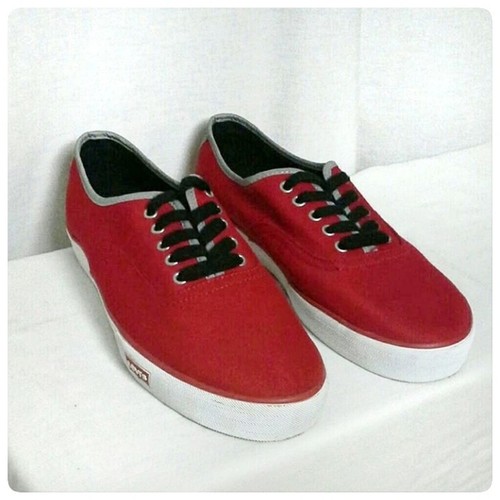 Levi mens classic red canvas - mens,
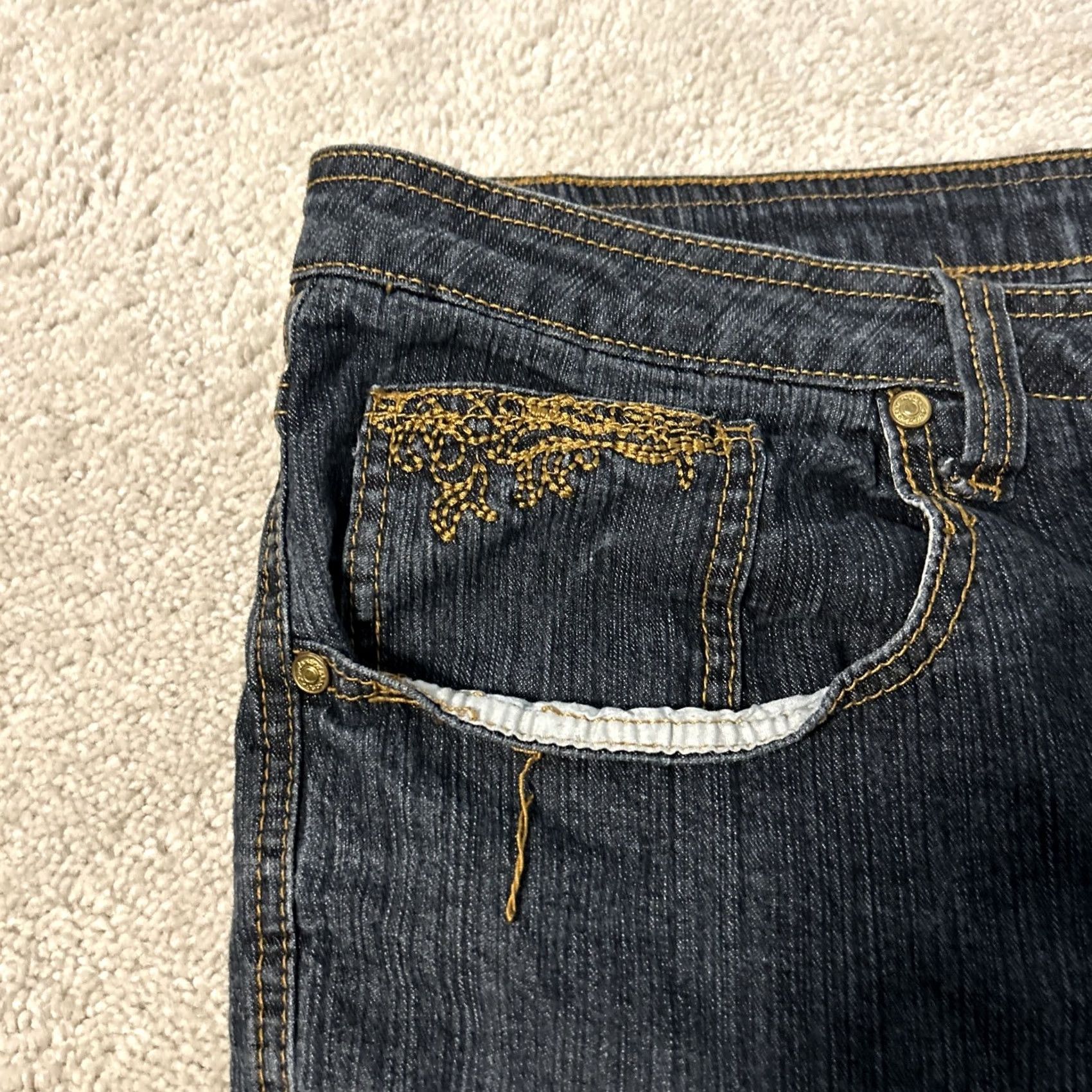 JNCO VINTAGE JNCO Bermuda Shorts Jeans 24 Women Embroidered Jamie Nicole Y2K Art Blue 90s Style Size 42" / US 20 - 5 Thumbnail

==

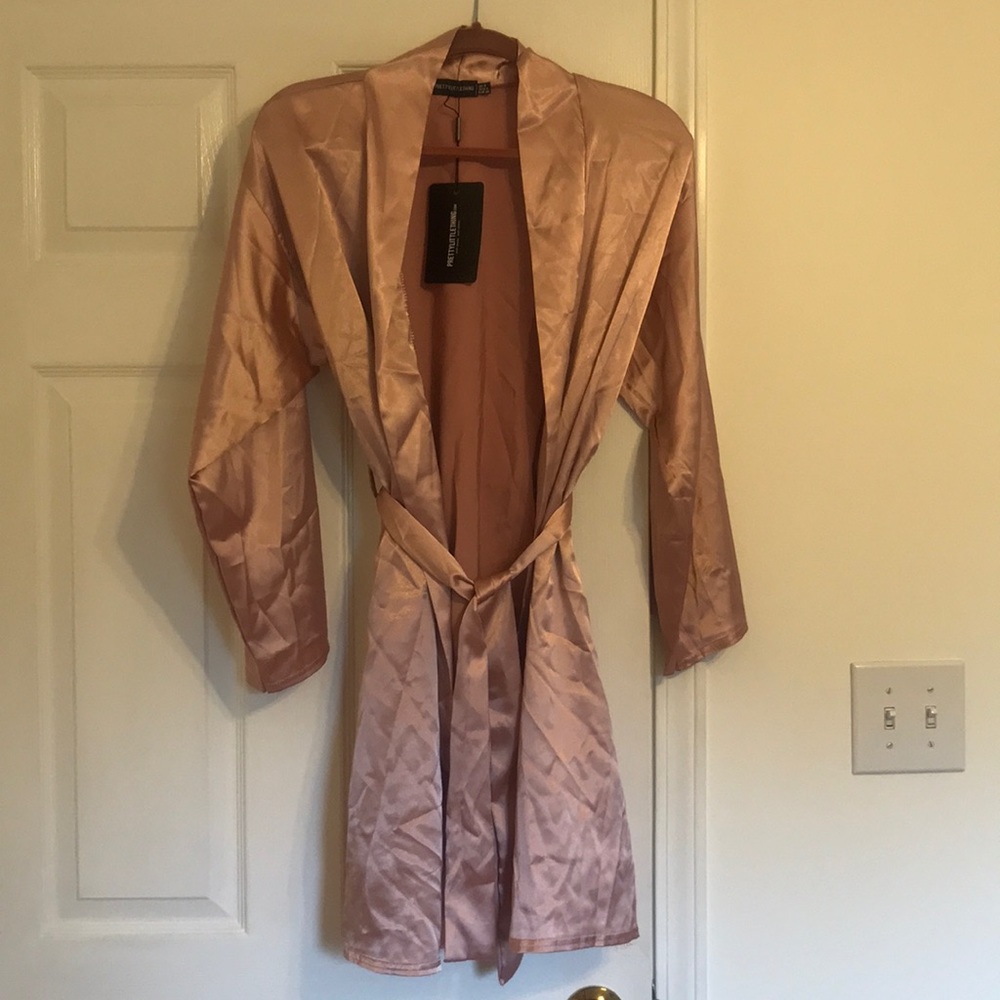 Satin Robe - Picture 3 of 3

==

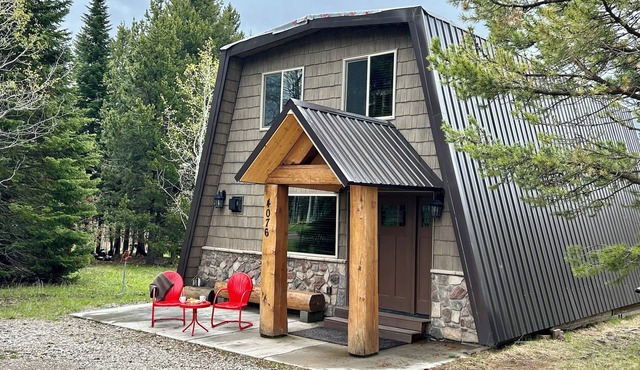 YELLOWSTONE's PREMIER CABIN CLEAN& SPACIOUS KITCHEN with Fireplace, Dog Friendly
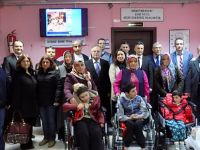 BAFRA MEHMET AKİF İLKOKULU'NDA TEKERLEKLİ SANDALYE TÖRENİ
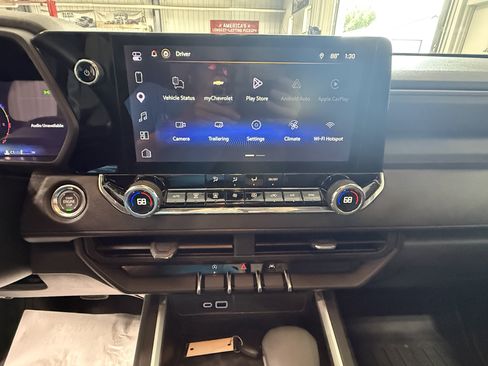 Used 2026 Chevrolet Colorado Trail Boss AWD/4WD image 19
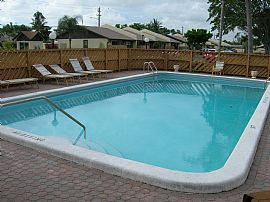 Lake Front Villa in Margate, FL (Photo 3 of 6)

> **Task prompt**: Transcribe the lines above exactly, beginning at the one with "Levi mens classic" and ending at the one with "JNCO VINTAGE JNCO". Include both; exclude the pictures.

> **Task solution**:
 Levi mens classic red canvas - mens,
 JNCO VINTAGE JNCO Bermuda Shorts Jeans 24 Women Embroidered Jamie Nicole Y2K Art Blue 90s Style Size 42" / US 20 - 5 Thumbnail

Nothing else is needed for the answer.